23rd October, 2013
A South African company hopes to rival the likes of Samsung and Nokia with home-grown smartphones tailored to African needs.
Seemahale Telecoms, which already makes telecommunications equipment in South Africa, is set to build a model that looks similar to Samsung’s Galaxy S4 and runs on Google’s Android operating system, to sell at around 2,500 rand ($260).
“It just didn’t seem right that there are hundreds of millions of phones in Africa, none of which are actually manufactured here,” Seemahale founder Thabo Lehlokoe said in an interview.
“Not because of anything other than the fact that everybody tended to think that it is cheaper to do these things in China.”
If it seems implausible that an African company with no experience of building phones could compete seriously with established global manufacturers, Seemahale counters that his as yet unnamed phone will fill an unmet need.

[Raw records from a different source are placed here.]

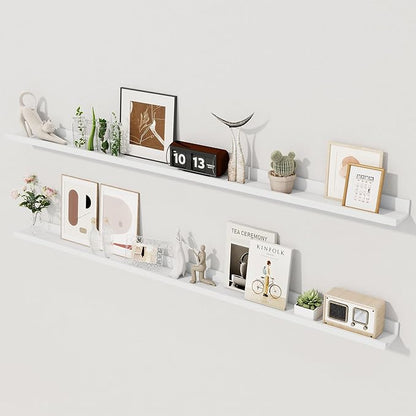 Axeman Floating Shelves | Picture Ledge Shelf Set of 2 | White Wall Shelves with Lip | White Picture Shelf for Wall with Ledge | Photo Ledges 55 Inch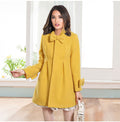 Bowknot Long Sleeves Stand Collar Pure Color Flare Slim Coat - Oh Yours Fashion - 6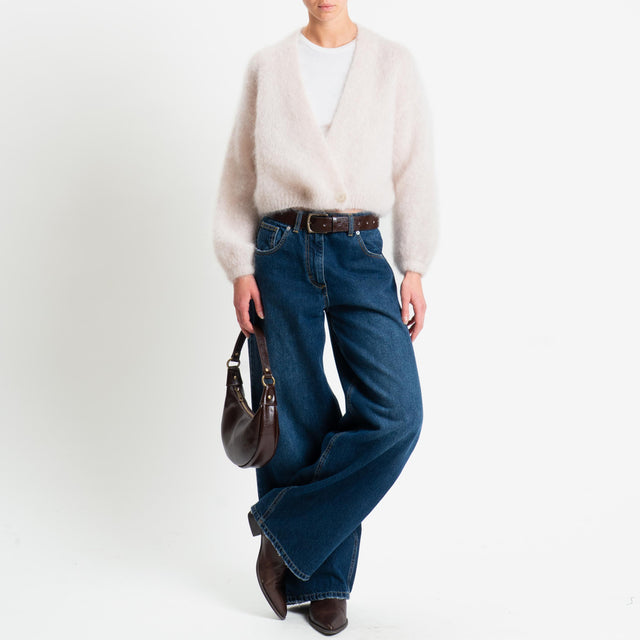 Dixie-Cardigan mohair chiusura asimmetrica - burro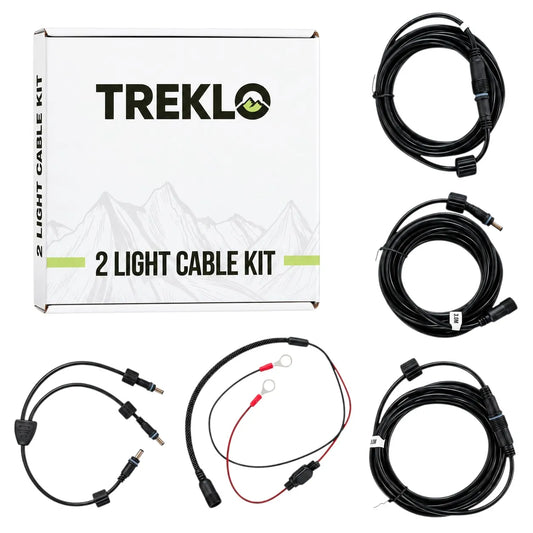 Treklo AquaLock canopy twin LED lighting cable kit for connecting two lights in 4WD canopy installations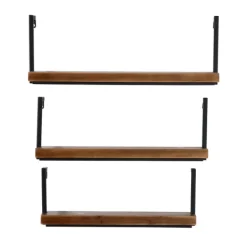 Shelves-Kirkland's Home Brown Wood Black Metal Frame 3-Pc. Wall Shelves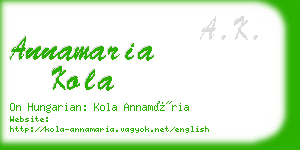 annamaria kola business card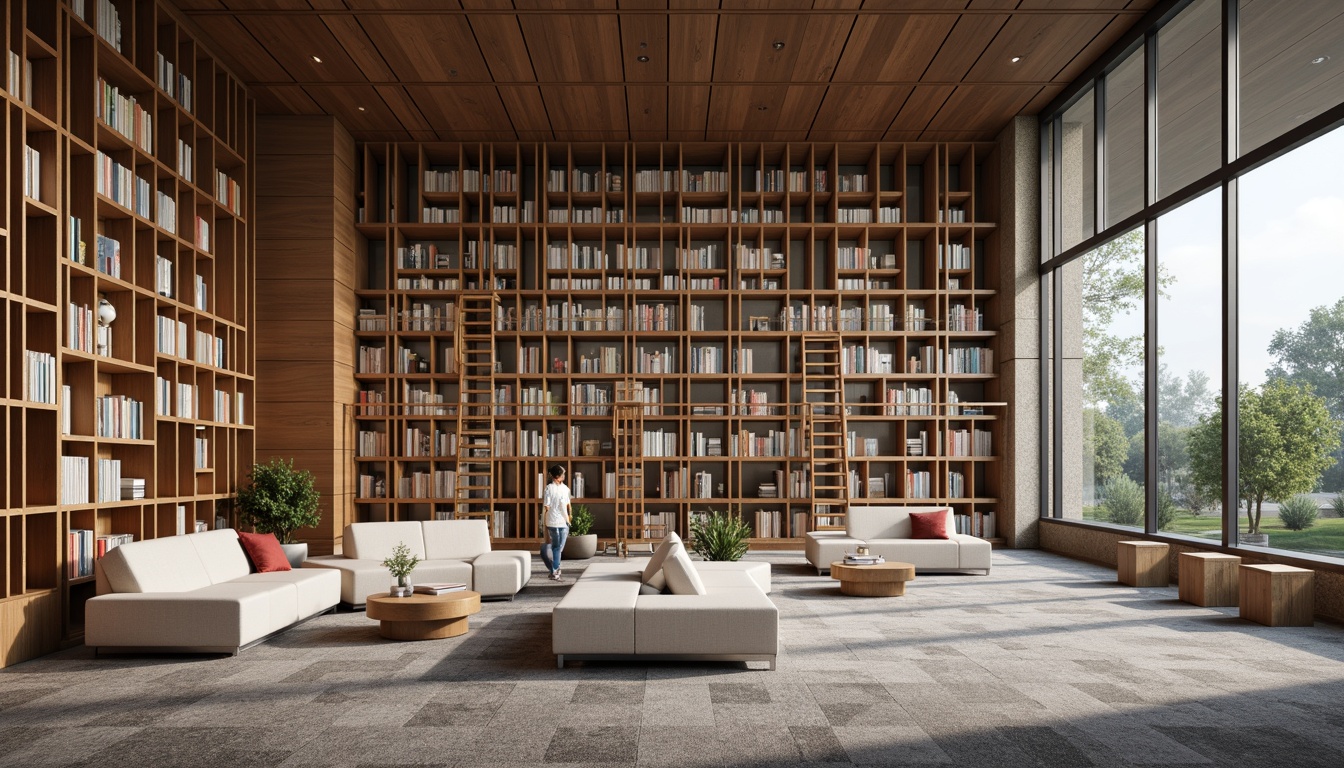 Prompt: Modern library interior, sleek shelving systems, minimalist wooden accents, neutral color palette, floor-to-ceiling bookcases, ladder access, cozy reading nooks, plush sofas, warm lighting, soft carpeting, geometric patterns, natural stone walls, large windows, panoramic views, 1/1 composition, shallow depth of field, realistic textures, ambient occlusion.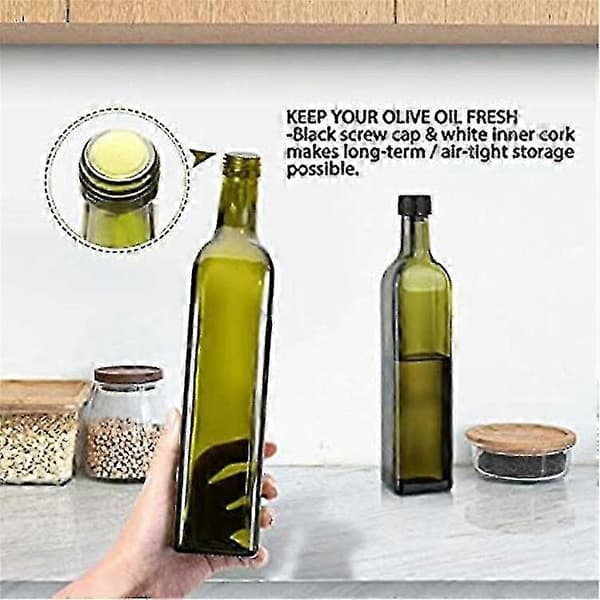 Olivoljeflaska i glas 500 ml med tratt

A natural big-brand comparison might be the Sony Xperia Go, which has a similarly rated processor and retails for 2,899 rand($300).
But whereas the Go has a 3.5-inch touchscreen and advertised talk time of up to 6.5 hours, Seemahale’s phone will have a 5-inch touchscreen, and Lehlokoe says its 2,250 mAh battery will offer talk time of “over a day”.
Those features, says Lehlokoe, are must-haves on a continent where a relative lack of home computers or fixed-line telephones means most people interact with the Internet from their phones.
Africa already has at least 600 million mobile phones, but the billion-strong population is growing rapidly, as are incomes, and governments are promoting connectivity in the hope that it can speed up delivery of education and health services.
Seemahale has yet to receive any pre-orders – the devices are still undergoing regulatory tests – but Lehlokoe said one South African operator was already testing the phone and another was interested. The phones are designed to be rebranded by operators, with their own logos.
The components will come from Taiwan and China, but the phones will come part-assembled for the first few months, until factory workers are more familiar with the production process.
Eventually, Lehlokoe says, Seemahale has the capacity for a monthly output of 150,000 smartphones or the 10.1-inch tablets that it also intends to produce, retailing for 3,500 rand.
But even an output of 5,000 devices per month could mean 50 to 100 new jobs.
According to the telecoms advisory firm IDC research, Africa received shipments of nearly 30 million phones in the second quarter of 2013, a fifth of which were in the smartphone segment.
Other companies are also hoping consumers will embrace handsets made or designed in Africa.
Mauritius-based Mi-Fone is selling basic phones for as little as $12 in countries such as Kenya, Angola, Rwanda and Nigeria. In the Congo Republic, VMK is designing smartphones and tablets for Africa, which are assembled in China.